* ABOUT THIS EXERCISE:
The finished copy must match the records exactly, except that it contains no pictures.

* DATA FOR REVIEW:
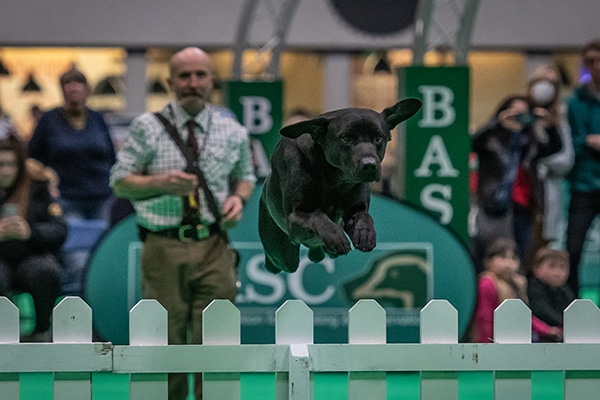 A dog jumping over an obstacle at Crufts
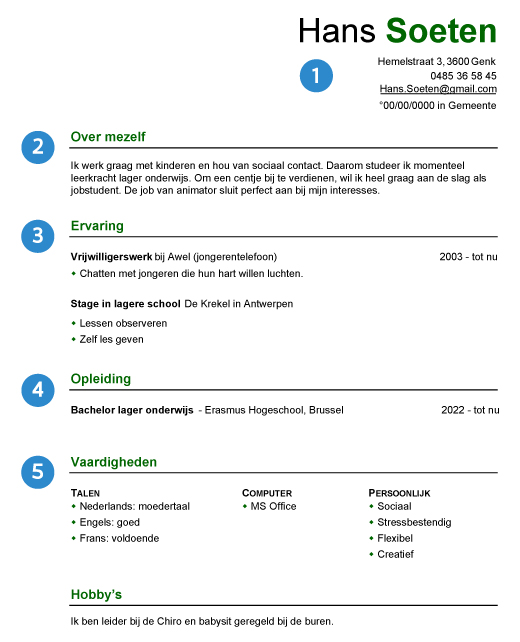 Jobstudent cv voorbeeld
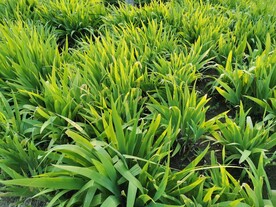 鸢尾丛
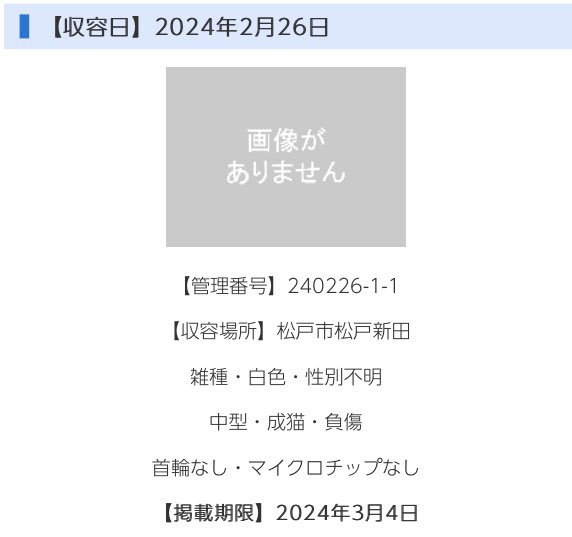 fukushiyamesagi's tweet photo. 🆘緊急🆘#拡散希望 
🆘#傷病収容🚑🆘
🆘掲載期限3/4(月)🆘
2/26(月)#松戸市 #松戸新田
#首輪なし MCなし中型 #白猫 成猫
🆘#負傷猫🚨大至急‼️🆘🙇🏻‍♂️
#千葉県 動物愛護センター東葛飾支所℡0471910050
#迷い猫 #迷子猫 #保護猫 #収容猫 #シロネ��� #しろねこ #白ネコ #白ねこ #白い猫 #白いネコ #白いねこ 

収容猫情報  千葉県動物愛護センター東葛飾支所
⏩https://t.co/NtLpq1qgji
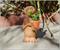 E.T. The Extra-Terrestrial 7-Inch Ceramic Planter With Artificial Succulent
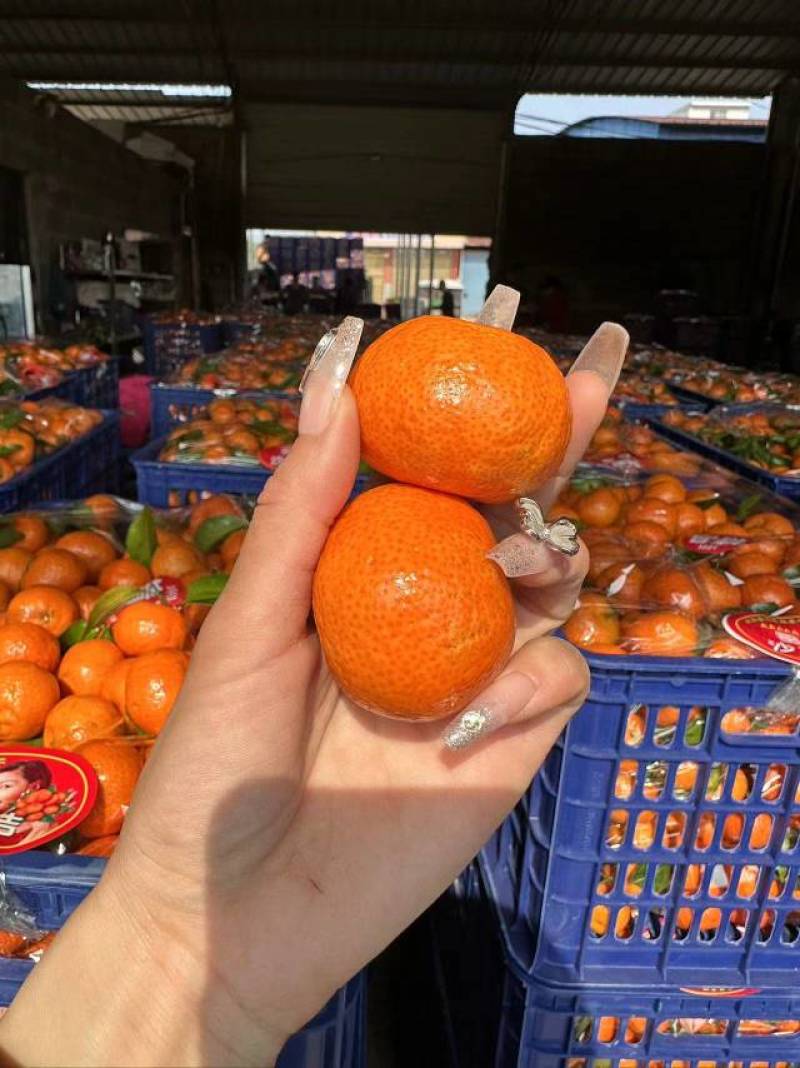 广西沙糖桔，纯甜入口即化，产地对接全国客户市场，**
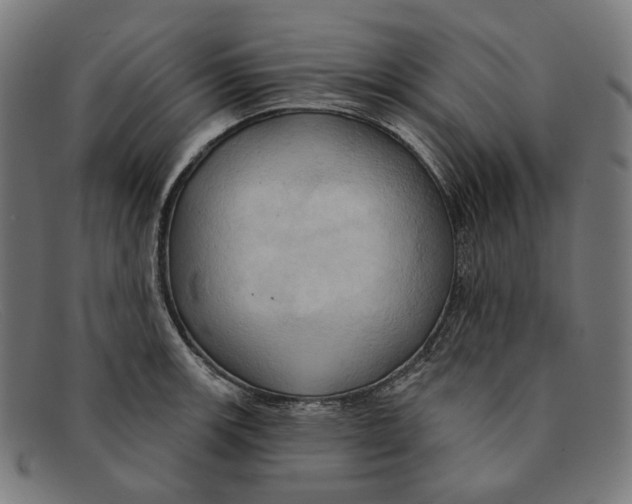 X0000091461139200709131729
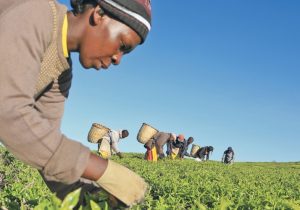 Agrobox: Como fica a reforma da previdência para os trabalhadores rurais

* EXERCISE ANSWER:
 A dog jumping over an obstacle at Crufts
 Jobstudent cv voorbeeld
 鸢尾丛
 fukushiyamesagi's tweet photo. 🆘緊急🆘#拡散希望 
🆘#傷病収容🚑🆘
🆘掲載期限3/4(月)🆘
2/26(月)#松戸市 #松戸新田
#首輪なし MCなし中型 #白猫 成猫
🆘#負傷猫🚨大至急‼️🆘🙇🏻‍♂️
#千葉県 動物愛護センター東葛飾支所℡0471910050
#迷い猫 #迷子猫 #保護猫 #収容猫 #シロネ��� #しろねこ #白ネコ #白ねこ #白い猫 #白いネコ #白いねこ 

収容猫情報  千葉県動物愛護センター東葛飾支所
⏩https://t.co/NtLpq1qgji
 E.T. The Extra-Terrestrial 7-Inch Ceramic Planter With Artificial Succulent
 广西沙糖桔，纯甜入口即化，产地对接全国客户市场，**
 X0000091461139200709131729
 Agrobox: Como fica a reforma da previdência para os trabalhadores rurais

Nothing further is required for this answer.